Key Facts
- ✓ Core MBA is built on React 19 and TypeScript, utilizing a custom `useMarketEngine.ts` hook for its simulation.
- ✓ The market engine enforces the 'Theory of Constraints' by capping employee operations at 7 per day, punishing unbalanced scaling.
- ✓ Gemini Flash generates unique 'Combat Cases' dynamically from lesson text to validate specific business principles like LTV/CAC.
- ✓ A 'Liquidity Loop' requires users to pass AI theory checks to earn the $500 virtual capital needed to fuel market gameplay.

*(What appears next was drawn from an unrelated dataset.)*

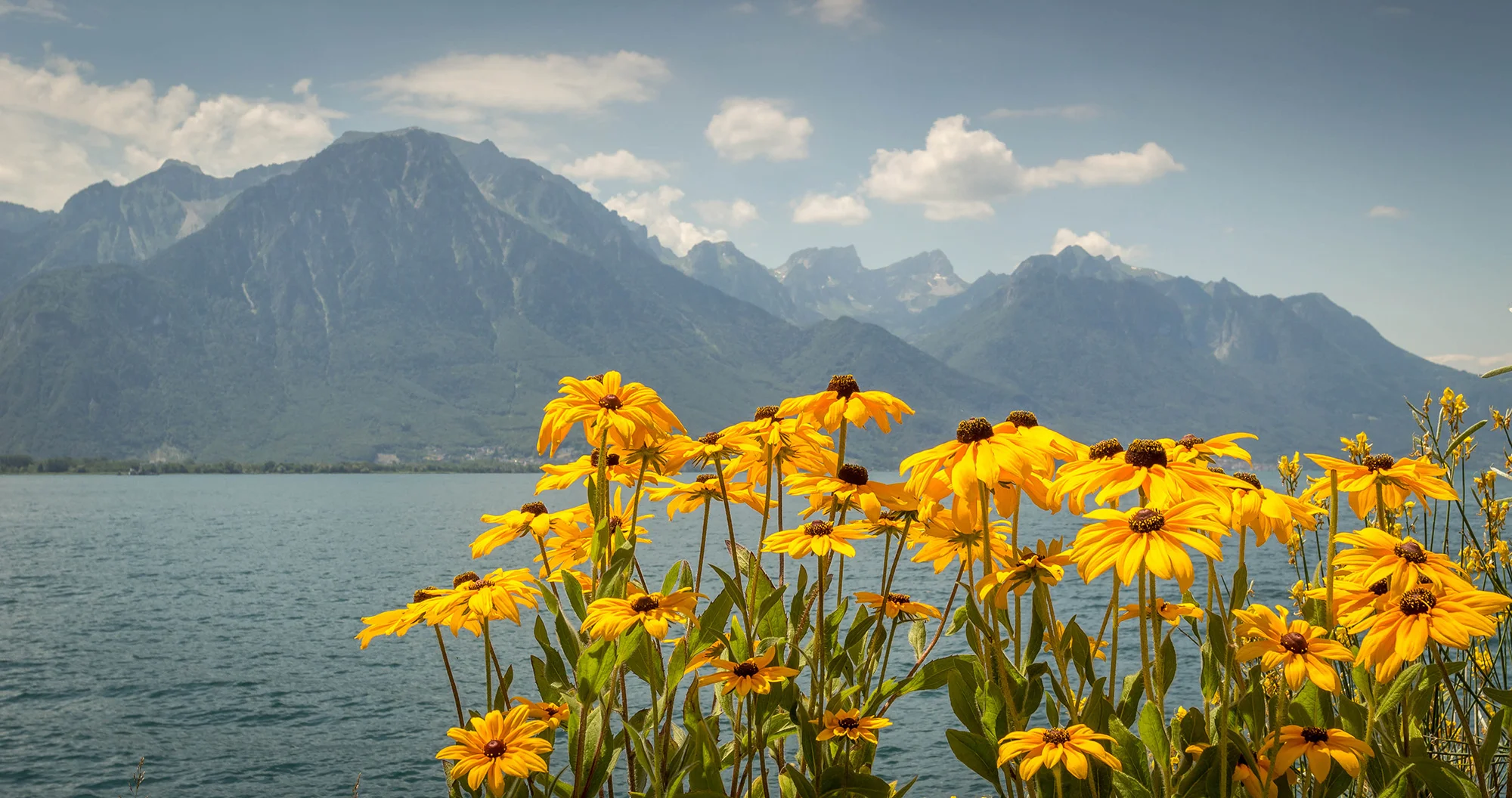 Florile din Elvetia si muntii din Franta.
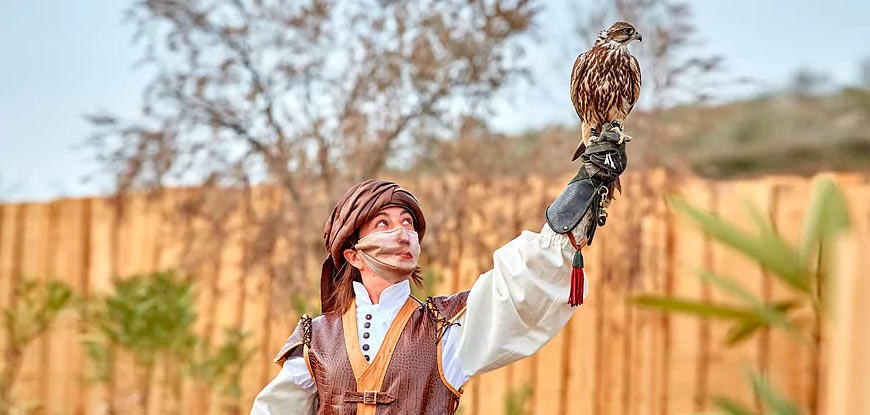 Viaje en BUS a 16 por 20&euro;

The End of Passive Learning
The landscape of digital business education has long been dominated by one format: the video lecture. While scalable, this passive consumption model often fails to bridge the gap between theory and application. A new project, Core MBA, aims to shatter this default by treating business strategy not as a subject to be memorized, but as a system to be compiled and executed.
Developed by a solo engineer frustrated with the status quo, Core MBA functions as a "compiler for business logic." It offers a hostile environment where users can test strategies immediately after learning them. If the logic is flawed, the system throws a runtime error—usually in the form of bankruptcy.
The Architecture of Simulation
At the heart of Core MBA lies a strict separation between deterministic logic and generative intelligence. The developer explicitly avoided building a "hallucinating chatbot" for the economy. Instead, the Market Engine runs a discrete-event simulation, solving a system of equations every cycle to ensure mathematical rigor.
To simulate real-world friction, the engine incorporates specific formulas such as the Ad Fatigue equation: 1 / (1 + (power - 1) * fatigueFactor). This forces diminishing returns on marketing spend. Furthermore, the system hardcodes the Theory of Constraints into state management. For example, a single employee is capped at 7 operations per day; scaling demand beyond this capacity without hiring burns cash on lost orders.
"I wanted to build a 'compiler for business logic'—a tool where I could read a concept in 5 minutes and immediately test it in a hostile environment to see if my strategy actually compiles or throws a runtime error."
— Core MBA Developer
AI as a Validation Layer
While the economy provides the "hostile environment," the educational component relies on Gemini Flash to ensure relevance. Moving away from static quizzes, the platform pipes lesson text directly into the model to generate unique "Combat Cases" on the fly. This ensures that no two playthroughs are identical.
The AI's role is strictly validation. It assesses user strategies against the specific principles of the lesson—such as LTV/CAC ratios—rather than offering generic advice. This creates a feedback loop where the AI acts as a rigorous instructor, checking for understanding before the user is allowed to risk virtual capital.
The Liquidity Loop
The two engines are connected by a mechanic the developer calls the Liquidity Loop. This is a strict gatekeeper: users cannot access the Market Engine without first passing the AI validation layer. Successfully navigating the Combat Cases earns the user $500 in virtual capital, which serves as the sole fuel for the simulation.
This design enforces the philosophy that capital is a reward for intellectual comprehension. If a user goes bankrupt despite having funds, a heuristic Advisor analyzes the crash data. It compares lostRevenue against lostCapacity and links the user back to the exact lesson they ignored, closing the educational loop.
Developer Seeks Feedback
The creator of Core MBA is currently inviting users to test the full loop, from reading a brief to surviving the market simulation. The project is specifically looking for feedback on three critical dimensions to refine the experience.
The developer is asking the community to evaluate:
- Content Density: Are the lessons too dry for effective learning?
- AI Accuracy: Does the simulation validate logic based on the specific lesson?
- Economic Balance: Is the math fair, or is the Ad Fatigue formula too punishing?
Key Takeaways
Core MBA represents a shift from passive consumption to active simulation in business education. By combining a mathematically rigorous engine with generative AI validation, it attempts to replicate the pressure of real-world decision-making.
Key aspects to watch include the Liquidity Loop, which ties economic survival to theoretical understanding, and the Advisor system, which provides data-driven remediation. As the developer refines the balance of the simulation, this project serves as a compelling prototype for the future of interactive learning.
"The biggest technical hurdle was building the Market Engine. I needed it to be mathematically rigorous, not a hallucinating chatbot."